Both Mandiant and SSSCIP's Zhora emphasize that despite Sandworm's evolution, and as historically significant as any hacker-induced blackout may be, the October 2022 incident shouldn't be taken as a sign that Ukraine's digital defenses are failing. On the contrary, they say they've seen Russia's state-sponsored hackers launch dozens of failed attacks on Ukrainian critical infrastructure for every attack that, like this case, achieved a dramatic outcome. "It's an absolute testament to the Ukrainian defenders that this incident was so isolated," Hultquist says.
In fact, exactly what Sandworm's latest blackout—this time tied to a physical strike—actually accomplished for Russia's invasion force remains far from clear. Mandiant's Hultquist argues that, more than any tactical effect, such as disabling the ability to defend against the missile strike or warn civilians, the blackout was more likely intended as another opportunistic psychological blow, intended to compound victims' feeling of chaos and helplessness.

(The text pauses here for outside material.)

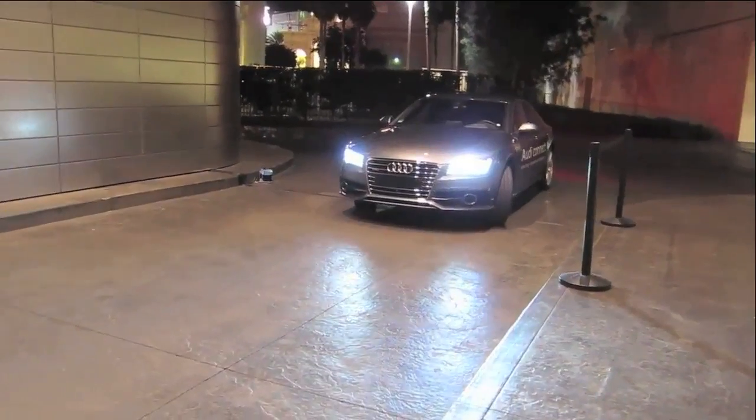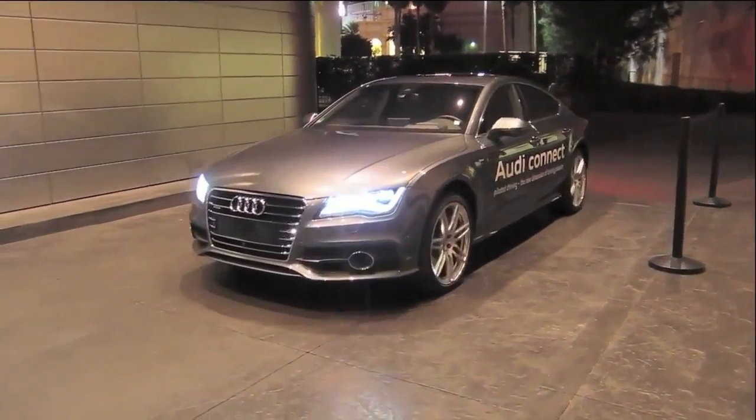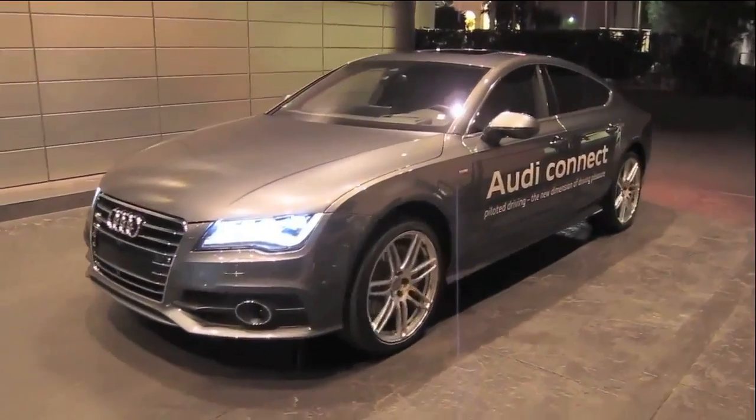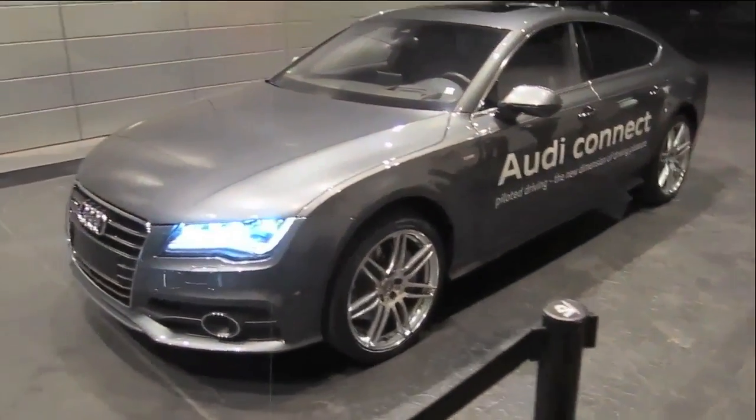You can see that the car is approaching and there is no driver. We are going to park right here in front of us. This is where our businessman wants the car to pick him up.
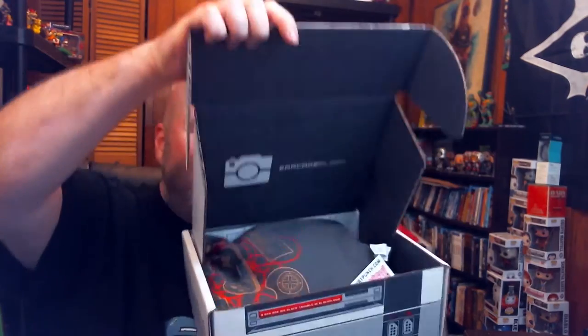I was kind of hoping my Horror Block would come today, just because it's a special Horror Block — it's all Stephen King stuff — but I'm ready to rock and roll and open up the Arcade Block. I don't know what's coming in this month. I think I know something possibly, but I won't know it until I see it. Anyways, I'm kind of hyper today. Are you ready?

But he notes that a single blackout caused by a cyberattack may no longer move the psychological needle in a country that has been under constant bombardment for the better part of two years and whose citizens' resolve to fight the invading force has only been steeled by those relentless attacks. He adds that, rather than multiplying the effects of the missile strike it coincided with, it's just as possible that Sandworm's carefully executed blackout was overshadowed by the physical attacks that followed.
"This is another way to break the resolve of the civilian populace as part of a greater strategy to bring Ukrainians to heel," says Hultqulst. "That doesn't mean it's had any success. It's difficult to have a psychological cyber impact in a world where missiles are flying."
Update 10 am ET, November 9, 2023: The Sandworm blackout using the Crash Override malware took place in 2016, not 2017.